B<Explicit Join Qualifiers>

   NATURAL, INNER, OUTER, LEFT, RIGHT, FULL

B<Built-in Functions>

   * Aggregate : MIN, MAX, AVG, SUM, COUNT
   * Date/Time : CURRENT_DATE, CURDATE, CURRENT_TIME, CURTIME, CURRENT_TIMESTAMP, NOW,
                 UNIX_TIMESTAMP
   * String    : ASCII, CHAR, BIT_LENGTH, CHARACTER_LENGTH, CHAR_LENGTH, COALESCE,
                 NVL, IFNULL, CONV, CONCAT, DECODE, HEX, OCT, BIN, INSERT, LEFT, RIGHT,
                 LOCATE, POSITION, LOWER, UPPER, LCASE, UCASE, LTRIM, RTRIM, OCTET_LENGTH,
                 REGEX, REPEAT, REPLACE, SOUNDEX, SPACE, SUBSTITUTE, SUBSTRING, SUBSTR,
                 TRANSLATE, TRIM, UNHEX
   * Numeric   : ABS, CEILING, CEIL, FLOOR, ROUND, EXP, LOG, LN, LOG10, MOD, POWER,
                 RAND, SIGN, SQRT, TRUNCATE, TRUNC
   * Trig      : ACOS, ACOSEC, ACOSECH, ACOSH, ACOT, ACOTAN, ACOTANH, ACOTH, ACSC,
                 ACSCH, ASEC, ASECH, ASIN, ASINH, ATAN, ATAN2, ATANH, COS, COSEC,
                 COSECH, COSH, COT, COTAN, COTANH, COTH, CSC, CSCH, DEG2DEG, DEG2GRAD,
                 DEG2RAD, DEGREES, GRAD2DEG, GRAD2GRAD, GRAD2RAD, PI, RAD2DEG, RAD2GRAD,
                 RAD2RAD, RADIANS, SEC, SECH, SIN, SINH, TAN, TANH
   * System    : DBNAME, USERNAME, USER

B<Special Utility Functions>

  * IMPORT  - imports a table from an external RDBMS or perl structure
  * RUN     - prepares and executes statements in a file of SQL statements

B<Operators and Predicates>

   = , <> , < , > , <= , >= , IS [NOT] (NULL|TRUE|FALSE) , LIKE , CLIKE , IN , BETWEEN

B<Identifiers> and B<Aliases>

   * regular identifiers are case insensitive (though see note on table names)
   * delimited identifiers (inside double quotes) are case sensitive
   * column and table aliases are supported

B<Concatenation>

   * use either ANSI SQL || or the CONCAT() function
   * e.g. these are the same:  {foo || bar} {CONCAT(foo,bar)}

B<Comments>

   * comments must occur before or after statements, cannot be embedded
   * SQL-style single line -- and C-style multi-line /* */ comments are supported

B<NULLs>

   * currently NULLs and empty strings are identical in non-ANSI dialect.
   * use {col IS NULL} to find NULLs, not {col=''} (though both may work depending on dialect)

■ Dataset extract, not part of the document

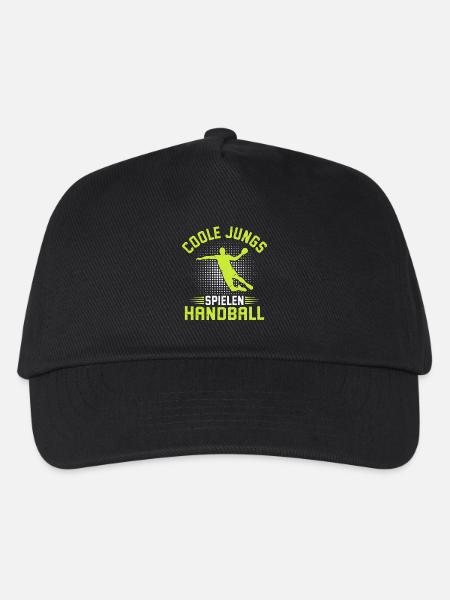 Coole Jungs Spielen Handball Handballer - Kinder Basecap - Schwarz
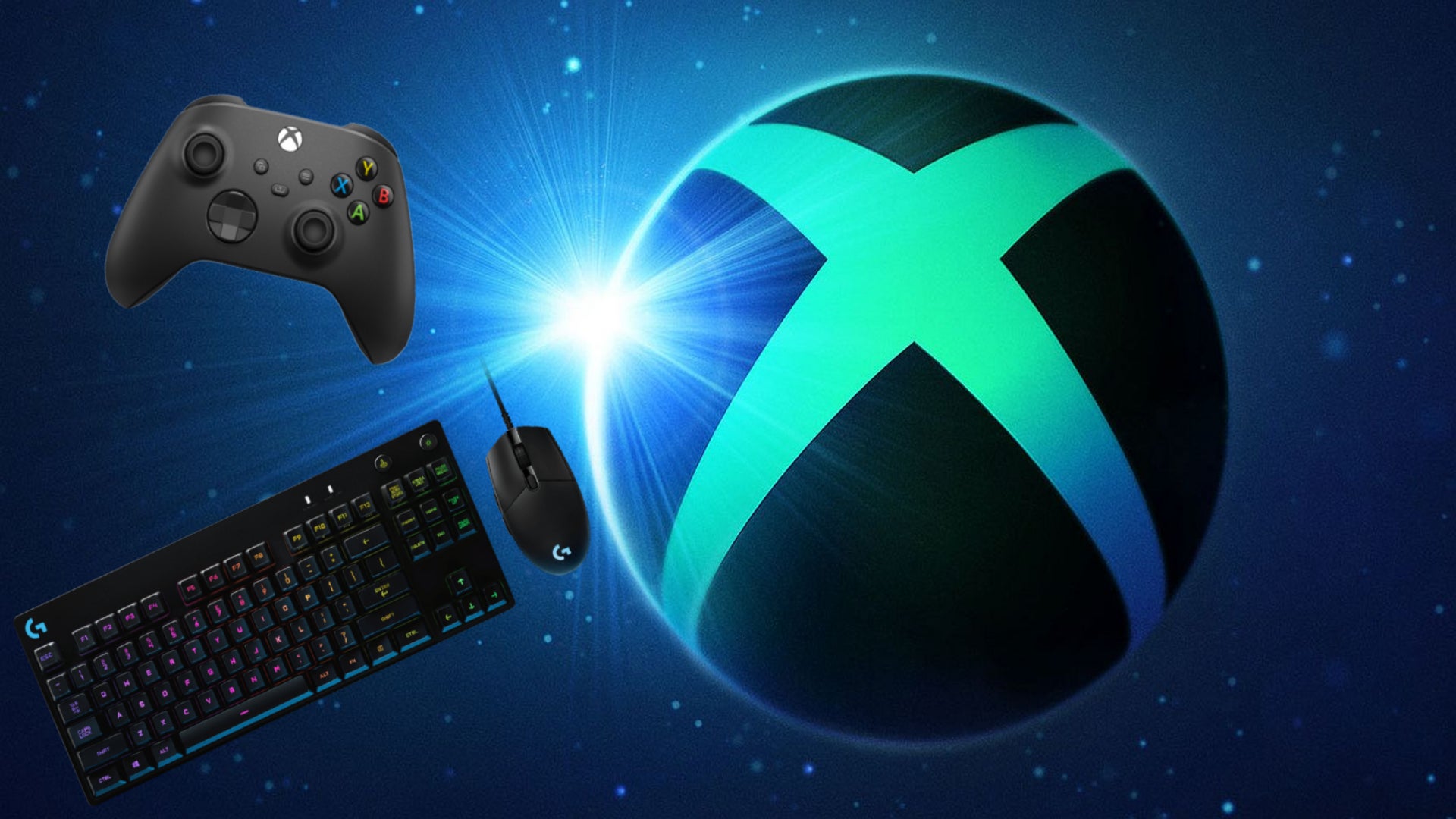 The Xbox logo is shown with an Xbox controller and Logitech keyboard and mouse beside it.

See below for further details.

=head2 Syntax - Details

=head3 CREATE TABLE

Creates permanent and in-memory tables.

 CREATE [TEMP] TABLE <table_name> ( <column_definitions> )
 CREATE [TEMP] TABLE <table_name> AS <select statement>
 CREATE [TEMP] TABLE <table_name> AS IMPORT()

Column definitions are standard SQL column names, types, and
constraints, see L<Column Definitions>.

  # create a permanent table
  #
  $dbh->do("CREATE TABLE qux (id INT PRIMARY KEY,word VARCHAR(30))");

The "AS SELECT" clause creates and populates the new table using the
data and column structure specified in the select statement.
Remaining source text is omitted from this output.